Published Monday, October 09, 2017

In this month's world report, Dr Simon Worrell considers reports of malaria becoming resistant to artemisinin based therapies along the border between Thailand and Cambodia.


undefinedMalaria is one of the most serious diseases present on the globe today. Infecting over 200 million individuals annually, this mosquito-borne illness claimed over 400,000 lives in 2015 alone. The treatment of this disease has been radically improved in recent years since the introduction of artemisinin based therapies. This medication is now suffering the fate of previous malaria treatments, however, as there are increasingly frequent reports of malaria becoming resistant to artemisinin. As has been widely published with antibiotics, there are bacteria which are now multi-resistant and against which we have few therapeutic choices: the same is becoming true of anti-malarial medication.

Artemisinin has an extremely long heritage.

If there is one medication to which the advocates of medicinal plants can point, it is to the sweet wormwood plant Artemesia annua from which artemisinin derives both its active ingredient and its name. The earliest report of this plant being used medicinally was written on a piece of silk discovered in the Mawangdui Han Dynasty tombs in 168 BC. Although initially used as a treatment for haemorrhoids, its potential as an anti-fever agent was later realised in the Handbook of Prescriptions for Emergency Treatments by Ge Hong, written in the Jin Dynasty between 283-343 AD. It is unclear whether the fever referred to in the text would have been caused by malaria, but there are reports that the use of sweet wormwood, or qinghao in Chinese, was extensively used to treat malaria in rural areas of China.

By the 1960s the ability of artemisinin to combat malaria in rodents was formally recognised. In fact the Chinese scientists involved with this work were able to adapt the original recipe described by Ge Hong: ‘Take one bunch of qinghao, soak in two sheng of water, wring it out to obtain the juice, and ingest it in its entirety’, to prepare a medication that was 100% effective against rodent malaria.

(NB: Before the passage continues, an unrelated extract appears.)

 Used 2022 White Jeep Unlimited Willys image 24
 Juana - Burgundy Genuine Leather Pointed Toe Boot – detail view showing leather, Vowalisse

Modern pharmacology has been able to purify the medication, often combining it with other antimalarials to produce artemisinin combination therapies (ACT) that have been very effective in treating uncomplicated malaria, usually in just 3 days. As with chloroquine and Larium (mefloquine), there are increasing numbers of reports of malaria species becoming resistant to ACT, however. This has either taken the form of a patient failing to respond to ACT, or following treatment, a recurrence of malaria resulting.

Such reports of resistance to ACT have often come from the border between Thailand and Cambodia. It is unknown at present why malaria in this region is developing resistance to ACT – although there are several theories.

One such theory concerns the traditional use of sweet wormwood tea as a local cure for malaria. Although there are few data at present to support the theory, the WHO has suggested that taking sweet wormwood tea in rural areas may contribute to malaria becoming resistant to artemisinin. The reason for this is that in order to receive a therapeutic dose of artemisinin, an individual must consume a gallon of the curative tea - that is to say literally a gallon - 5L of tea daily and continue it for 7 days. The WHO state that most patients using this traditional therapy only manage around 1L a day, meaning that the individuals could well be under-dosed with the anti-malarial, allowing the malarial parasites to become resistant to it.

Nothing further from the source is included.